The spotlight falls once again on the turbulent South African Revenue Service (Sars) when Ivan Pillay (accused number 1), Andries Janse van Rensburg (accused number 2) and Johann van Loggerenberg (accused number 3) appear in the Pretoria Regional Court tomorrow.

A former Sars agent, Helgard Lombard, in 2015 reportedly admitted that he had illegally bugged the offices of the National Prosecuting Authority (NPA) and spied on matters related to the corruption case of former police head Jackie Selebi.

In an affidavit handed to the Hawks, Lombard claimed he had only monitored and given information regarding the Selebi case, but there have been concerns there may have been leaks from or surveillance by Sars of other cases the NPA was working on.

Johan de Waal, who was allegedly part of the Sars “rogue unit” that was allegedly spying on the NPA, also submitted an affidavit detailing the operation that allegedly took place in 2007, but which possibly began in 2006, whereby senior NPA officials, including then head Vusi Pikoli, were spied on in relation to the Selebi case.

According to their affidavits, audiovisual bugging devices were secretly installed in 12 offices and boardrooms at the NPA’s Pretoria headquarters.

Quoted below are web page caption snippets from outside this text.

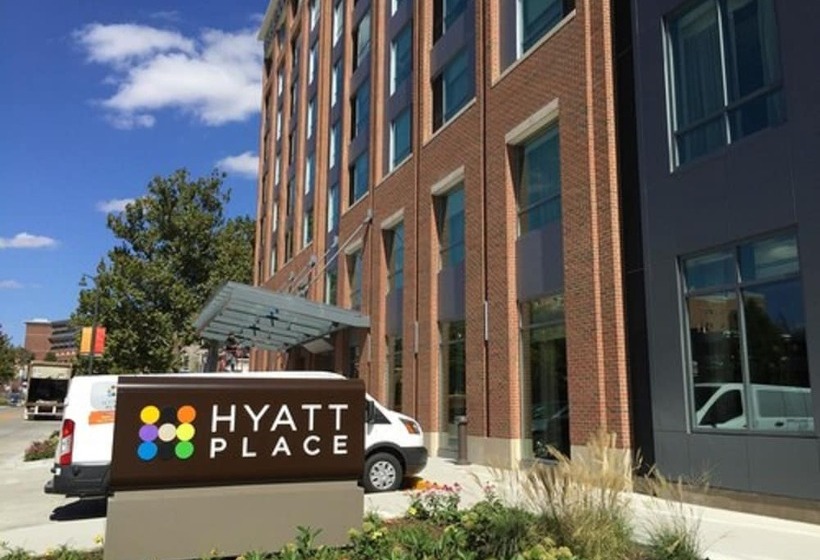 هتل Hyatt Place Bloomington / Normal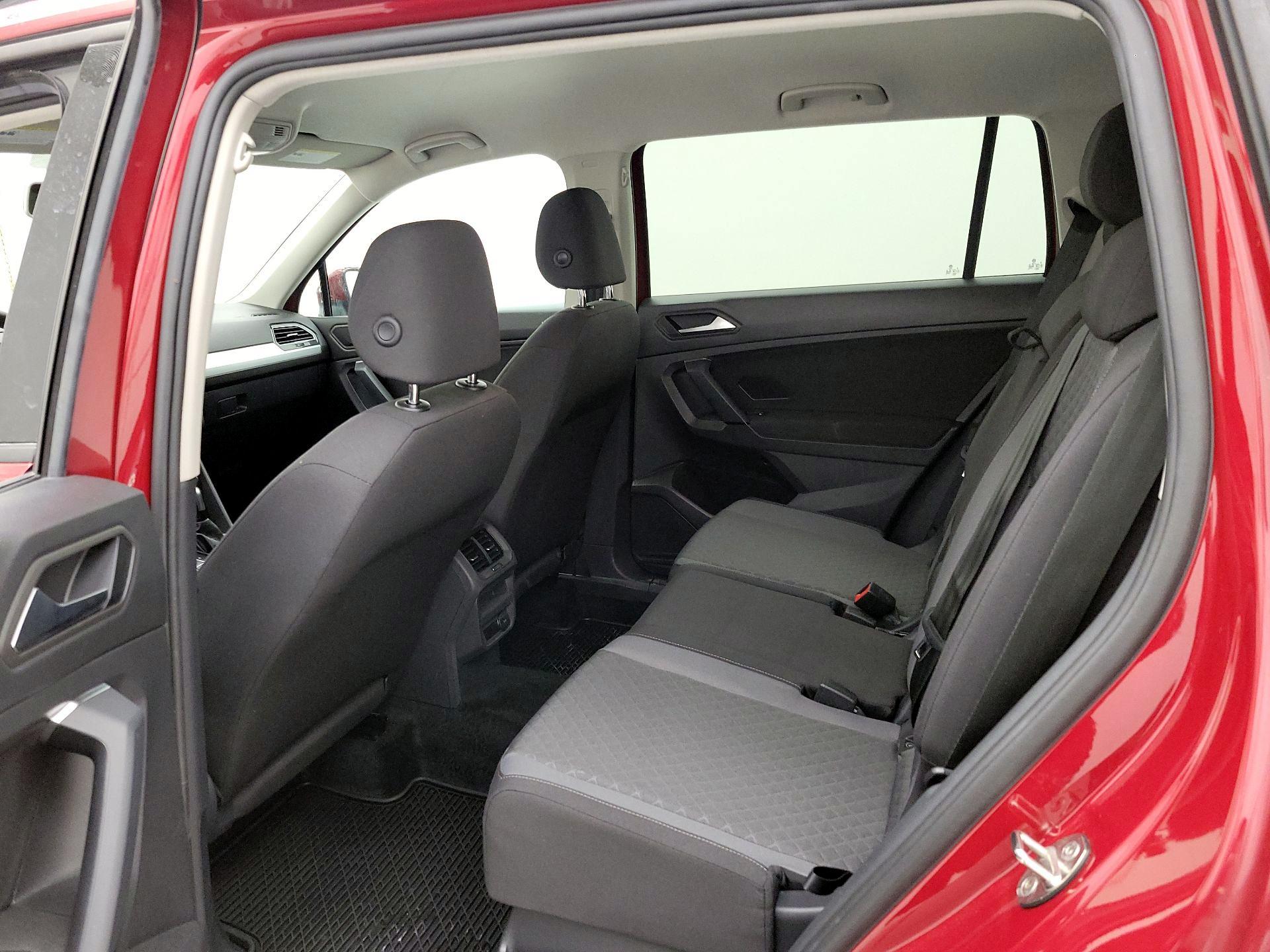 Thumbnail: 2019 Volkswagen Tiguan - 19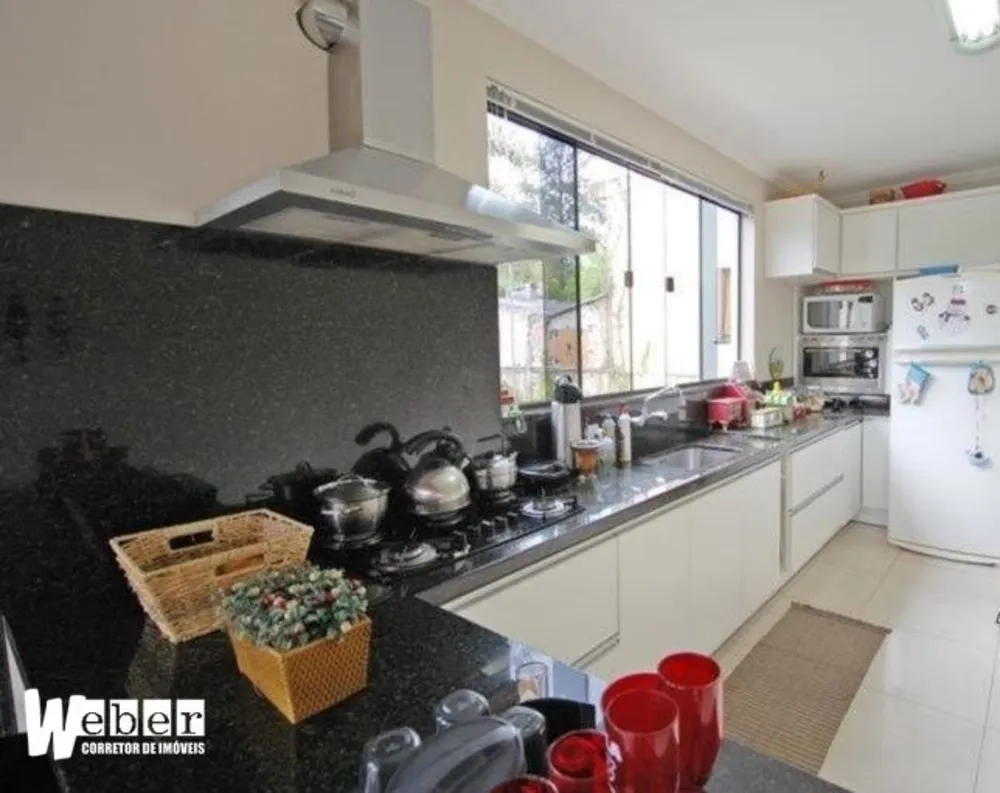Casa, 4 quartos, 240 m² - Foto 4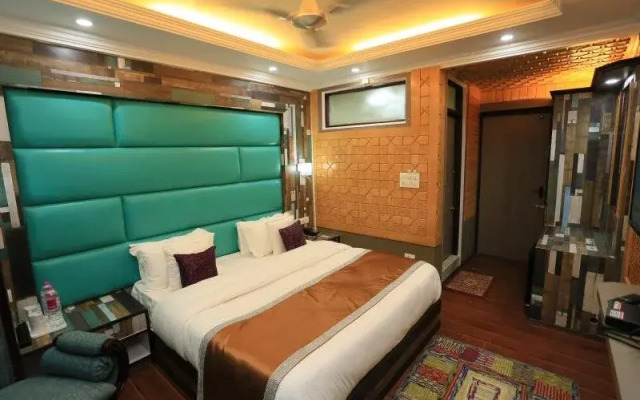 Milad Hotel
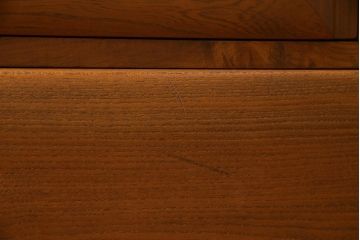 ヴィンテージ家具　イギリスビンテージ　楡材　ERCOL(アーコール)　温もり溢れるキャスター付きサイドボード(収納棚、キャビネット)(R-037991)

Pillay is accused of authorising the illegal operation in 2007.

According to the NPA, Pillay and Janse van Rensburg now remain accused of unlawfully and intentionally procuring “Helgard Lombard and/or authorise Mr Lombard to intercept communication within the offices of the Directorate of Special Operations (DSO), and those of the NPA without an interception direction signed by the designated judge…”

Pillay and Van Loggerenberg are also accused having, while being in the employ of Sars “directly or indirectly and unlawfully giving or agreeing to give Mr Lombard an unauthorised gratification to wit, cash in the form of approximately one hundred thousand rands (R100 000) to essentially perform alleged bugging”.

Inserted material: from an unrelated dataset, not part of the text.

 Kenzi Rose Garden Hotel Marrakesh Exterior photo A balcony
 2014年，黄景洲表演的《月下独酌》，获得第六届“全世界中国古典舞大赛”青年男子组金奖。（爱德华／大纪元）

This alleged “Operation Sunday Evenings” surveillance has been widely highlighted in the media and thrust a now discredited KPMG report about the “rogue unit” into the public eye.

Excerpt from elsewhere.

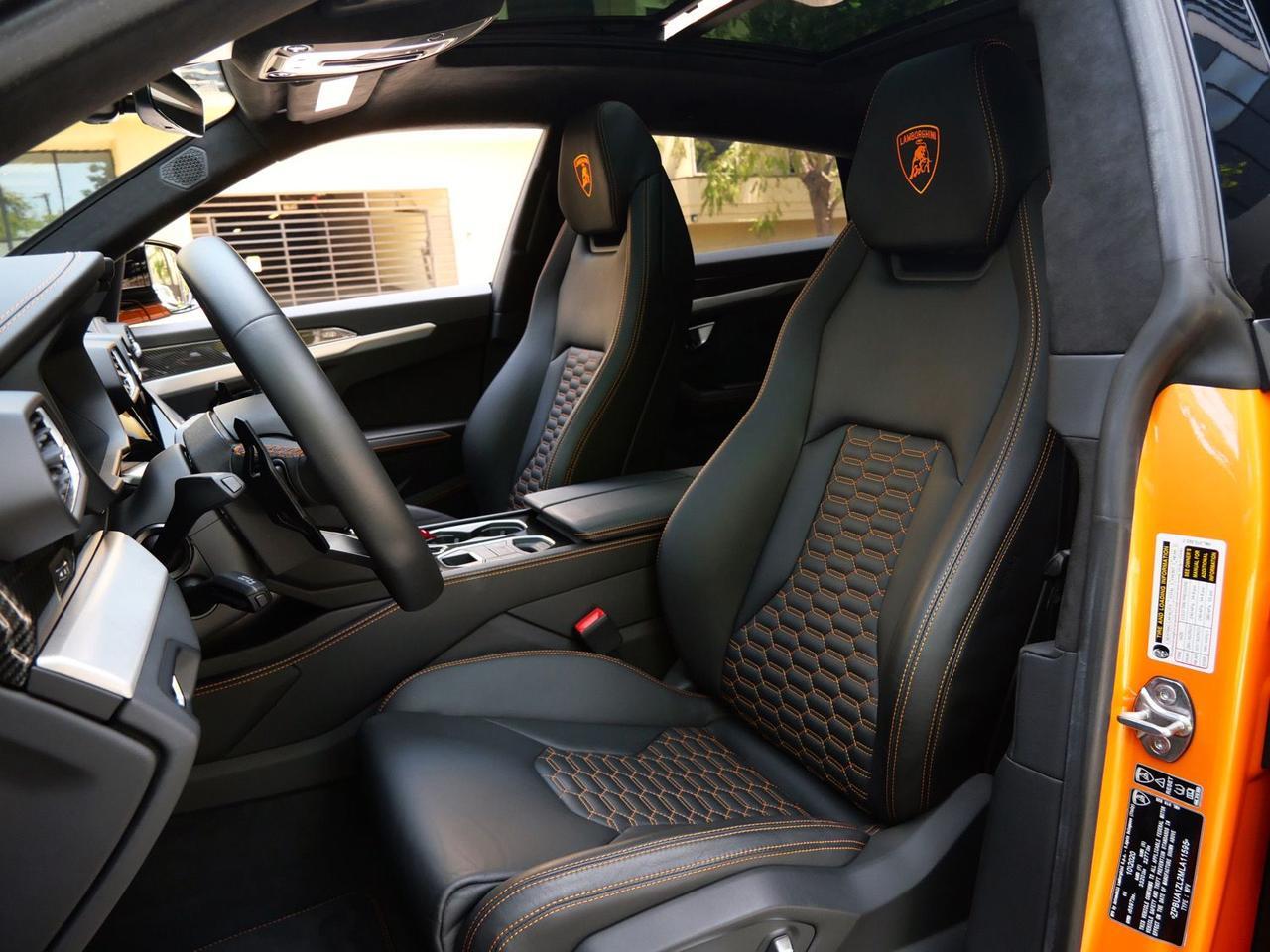 2021 Lamborghini Urus Base Base Lawrence KS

KPMG CEO Trevor Hoole together with eight colleagues resigned in the wake of fallout over the report as well as their handling of the Gupta family’s company audits.

“Given the failure to appropriately apply our own risk management and quality controls, that part of the report which refers to conclusions, recommendations and legal opinions should no longer be relied upon,” a statement released by the organisation in September said.

KPMG South Africa received R23 million from Sars to produce the flawed report. They said they would pay the money back, but there has been no report of this being done so far.

Parts of that KPMG report were used by Tom Moyane, the now suspended commissioner of Sars, to open the original docket that saw Pillay and Van Loggerenberg, along with then finance minister Pravin Gordhan, called in to give statements.

Daily Maverick reported last year that Janse van Rensburg, “along with another Sars official Helgard Lombard had installed secret cameras in selected offices and boardrooms at the NPA headquarters in Pretoria”.

“Lombard turned state witness (204) and alleged that Pillay and Van Rensburg told him to keep the R100 000 NPA bill for the surveillance equipment.

“The project was sanctioned and signed off on from the NPA’s side, but no evidence could be found that the NPA knew they had contracted Sars officials. There is also no evidence that the Sars officials were instructed by Sars management to conduct the operation.”

Bernard Hotz, attorney for the three, said in a March statement Pillay and Van Loggerenberg were not questioned on any allegations or facts about the charges when their warning statements were taken.

“On the contrary, they offered to make representations to the DPCI (the Hawks) and the NPA, which were ignored. The process of concluding the warning statements at that time was never perfected because the docket was handed over to the NPA by the DPCI before Pillay and Van Loggerenberg were given a chance to be heard,” Hotz said.

“Pillay and Van Loggerenberg are disappointed but not surprised by the latest behaviour of the NPA in this matter; as they have consistently demonstrated clear bias and malice, which appear to have been driven by the concerns of Moyane.”

Moyane was suspended in March by President Cyril Ramaphosa as the president “had lost confidence in his ability to lead Sars and offered him an opportunity to resign with immediate effect, which Mr Moyane declined”, according to a presidency statement.